Were it not for the firefighters, gardaí, reporters and cameramen outside the small apartment block in the Kilcronan estate in Clondalkin, Co Dublin, on Wednesday, the scene would have been idyllic.
In early spring sunshine, joggers, cyclists and dog walkers strolled along a well-used and well-kept path along the southern bank of the Grand Canal. Swans, ducks, coots and moorhens made the most of the water.
The apartments, a safe haven, step-down facility for between 18 and 24 months for women and children in fear of domestic violence, must have been close to heaven on earth for those living there.
But in the early hours of Tuesday, dense, choking black smoke filled a first floor apartment and left death in its wake.
Martin Healy, walking his cheerful two-year-old Jack Russell, Daisy, along the banks of the canal, said he saw women from the apartments regularly when he passed by, the mothers having a cigarette in the car park by the canal, farm fields on the other side.
“They’re lovely, lovely people, just minding their own business,” he said of them on Wednesday. “It’s an absolute horrible feeling to hear what happened.”
Electrical cause suspected
What happened is known; what made it occur has yet to be identified, but an electrical cause, rather than anything malicious, is the number one suspect among Garda and Dublin Fire Brigade forensic examiners who combed through the scene.
Two women friends of those who died and who came to lay flowers speculated about a mobile phone charger, but there was no authoritative confirmation as to cause.
Accommodation at the three-storey apartments at Cluainin Cronan, which were built in 2000, was administered by Sonas, the largest provider nationally of frontline services to women and children experiencing domestic abuse, with a concentration in the greater Dublin region.
Funded by Tusla, the Child and Family Agency, the Cluainin Cronan complex includes four flats and six houses. Fire alarms and smoke detectors had been inspected and passed, said a spokeswoman.
Several closed-circuit TV cameras survey all approaches to the apartments to alert those inside to any unwelcome visitors. Behind the flats is a secure garden and play area for children.
Among those staying in the apartments on Tuesday night was Annmarie O’Brien (27), who was expecting a baby boy shortly, and her daughter, Paris, aged two.
Visiting her from Shankill in south county Dublin was her sister Margaret O'Brien (30), known to family and friends as Biddy, and her daughter Holly and son Jordan, aged 4.
Two other children were also in the apartment.
Annmarie, Paris and Holly were pronounced dead soon after their removal from the smoke-filled apartment. Jordan died on Wednesday afternoon and, last night, Margaret remained in a critical condition in hospital.
The two other children in the apartment when the fire broke out were said last night to be recovering from smoke inhalation and their condition was understood not to be life-threatening.
On Wednesday, in the wake of the tragedy, the inside of an open window was jet black from smoke and there was also black smoke staining around an extractor fan outlet on a gable wall of the apartment.
By late morning, friends and neighbours were dropping by to pay their respects. Among them were Marie and Laura from Bray, Co Wicklow, who asked that their full names not be published.
“Annmarie was a lovely girl and a good mother,” said Marie, who disclosed an earlier tragedy in her friend’s life.
“Her brother went the same way – in a fire behind the church in Bray about seven years ago,” she said.
Sonas chief executive Fiona Ryan said the organisation's sympathies and condolences were with the relatives and friends of the women and children.
“We are devastated by the tragic loss of life which occurred as a result of fire in an apartment in our supported housing complex in Clondalkin,” she said.
“Sonas is working with the relevant authorities on their inquiries. We are currently supporting other families in the apartment complex, including those unable to return to their homes because of fire damage, for whom we are sourcing alternative accommodation.”
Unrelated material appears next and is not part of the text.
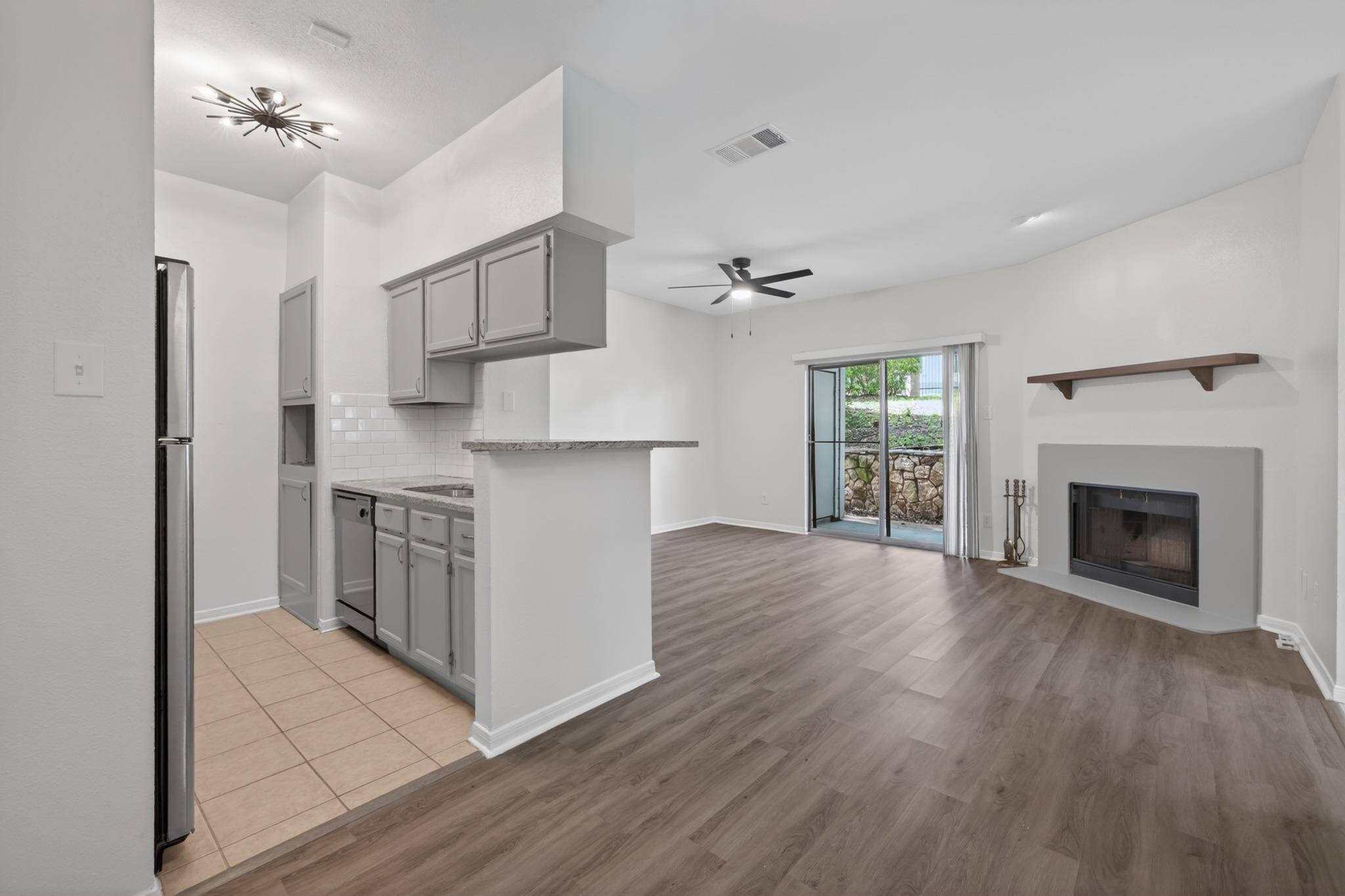 2450 Wickersham LN # 801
The Kilcronan estate was described by local Sinn Féin TD Eoin Ó Broin, who visited the scene in the morning, as a very tight-knit community, a residential area of mixed housing – some privately owned, along with social or co-operative-run housing.
“Like everybody, we are particularly shocked given the age of the young people. Our condolences go out to the entire community,” he said.
As news of the tragedy dominated news outlets, the first people to arrive to lay flowers, two teddy bears and three candles were Lisa Kinsella-Colman, a mother of four, and Roselyn Byrne, a mother of three, who live in Kilcronan Court.
Both women described themselves as “devastated” at what had occurred, and said they found it particularly difficult when preparing their own children for school after what had happened.
“Our kids are in school with other kids in the area. It’s very safe. I’m sure all these kids played together,” said Ms Kinsella-Colman.
Two other women who arrived at the complex in a taxi, accompanied by a three children and a man, were too upset to speak at length.
“I’ve just lost my best friend,” one said of Annmarie O’Brien, before indicating she was too emotionally upset to speak further.
An elderly man who lives locally, Tom Carty, said he regularly delivered food vouchers to residents of the apartments on behalf of the Society of St Vincent de Paul.
What had happened was an awful tragedy, he added.